Ça commence par un bilan, positif, mais là aussi Steve jobs retient son enthousiasme. Que cachent ses chiffres bons en apparence mais qu’il n’ose présenter comme un triomphe ? L’homme ne fut pourtant et ne sera jamais à court de superlatifs lorsqu’il s’agit de son oeuvre. Mais qui se réjouirait du chemin parcouru lorsqu’il se rend à Canossa ? Comment pourrait-il se féliciter de voir son OS, conçu pour ses machines être porté sur le hardware d’autrui ? Qu’est devenu le rêve de 1987 ? Détruits par la déferlante Microsoft, ceux qui restent, HP, SUN, NeXT, s’unissent pour résister sur le marché professionnel, tout en étant obligés de dîner avec le diable.
Une démonstration par le maître lui-même, comme il aime tant les faire et comme nous aimons tant les voir. Il vous revient peut-être en mémoire que, moins de trois ans auparavant, il avait réalisé une démonstration de NeXTStep sur une de ses superbes machines. L’enthousiasme d’alors n’est pas de mise ici. Et pour cause : assis devant deux énormes PC HP blancs qui le dominent, il présente le fonctionnement d’OpenStep sur Windows NT. Là, NeXTStep ne vit plus chez l’autre, il y est prisonnier, comme dans une boîte, obligé d’adopter le “look and feel” made in Redmont. La survie était donc à ce prix. Quelques remarques sur la situation, grotesque, en forme de blagues ou perce le sarcasme et l’auto-dérision. Rires forcés dans l’assistance : on comprend Steve. Mieux vaut en rire que trop en pleurer.
Mais qu’importe, il faut aller de l’avant et la suite démontre que Steve jobs sait encore porter l’enthousiasme quand il s’agit de présenter les nouvelles réalisations de ses équipes. Faire du logiciel, que du logiciel, mais le meilleur et le plus innovant, et améliorer Windows lui-même.
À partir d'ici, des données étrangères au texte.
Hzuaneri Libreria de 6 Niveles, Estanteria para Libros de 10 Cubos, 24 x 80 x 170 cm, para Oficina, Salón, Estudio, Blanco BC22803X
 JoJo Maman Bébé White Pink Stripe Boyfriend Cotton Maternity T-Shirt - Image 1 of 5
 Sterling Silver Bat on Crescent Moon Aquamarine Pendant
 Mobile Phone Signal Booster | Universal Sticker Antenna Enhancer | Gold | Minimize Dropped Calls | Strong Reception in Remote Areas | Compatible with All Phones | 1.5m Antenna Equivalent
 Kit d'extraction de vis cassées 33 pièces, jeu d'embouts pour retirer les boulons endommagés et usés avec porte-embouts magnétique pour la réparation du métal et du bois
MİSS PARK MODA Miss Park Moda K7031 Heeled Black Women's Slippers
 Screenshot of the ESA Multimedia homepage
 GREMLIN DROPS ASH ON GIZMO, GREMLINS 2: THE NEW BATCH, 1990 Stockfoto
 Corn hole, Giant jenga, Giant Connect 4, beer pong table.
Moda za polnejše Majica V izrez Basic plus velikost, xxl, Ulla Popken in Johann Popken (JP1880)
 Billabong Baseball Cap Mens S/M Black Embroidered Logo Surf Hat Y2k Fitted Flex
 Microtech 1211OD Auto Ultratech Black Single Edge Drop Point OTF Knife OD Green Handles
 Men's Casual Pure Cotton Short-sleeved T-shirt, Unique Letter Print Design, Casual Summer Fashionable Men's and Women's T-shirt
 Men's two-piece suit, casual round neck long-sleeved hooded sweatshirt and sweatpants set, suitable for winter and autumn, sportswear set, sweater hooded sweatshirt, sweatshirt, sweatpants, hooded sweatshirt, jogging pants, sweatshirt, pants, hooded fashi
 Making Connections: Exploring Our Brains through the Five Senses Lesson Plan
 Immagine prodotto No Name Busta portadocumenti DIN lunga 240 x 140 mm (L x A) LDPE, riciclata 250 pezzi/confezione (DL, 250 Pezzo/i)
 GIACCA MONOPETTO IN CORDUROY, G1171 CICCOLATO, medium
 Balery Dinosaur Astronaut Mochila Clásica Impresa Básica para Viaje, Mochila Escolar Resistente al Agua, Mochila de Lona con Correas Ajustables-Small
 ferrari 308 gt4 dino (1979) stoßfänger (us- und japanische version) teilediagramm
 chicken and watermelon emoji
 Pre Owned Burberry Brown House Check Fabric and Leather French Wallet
Pourtant, même en ses heures sombres, Steve jobs demeure un visionnaire et pose les jalons du futur : Internet, WebObjects. Et de rappeler que le WWW fut inventé et mis au point sur une de ses machines, avec son OS. Dans cette partie, sans doute la plus passionnante du keynote, ce sont les développements des dix années suivantes que présente Steve Jobs, soudain réanimé, ressuscité, vivant. A l’aide d’analyses brillantes et d’exemples clairs, il comprend la révolution en marche et montre de suite comment en profiter, non pas en rapace tel Microsoft, mais en apportant les outils dont chaque acteur aura besoin et dont il n’a pas conscience à ce moment. Et nous savons aujourd’hui que de cette vision sortira la stratégie sauvera Apple de l’abîme.
Mais nous somme en août 1995 et la route est encore longue jusqu’à Canossa.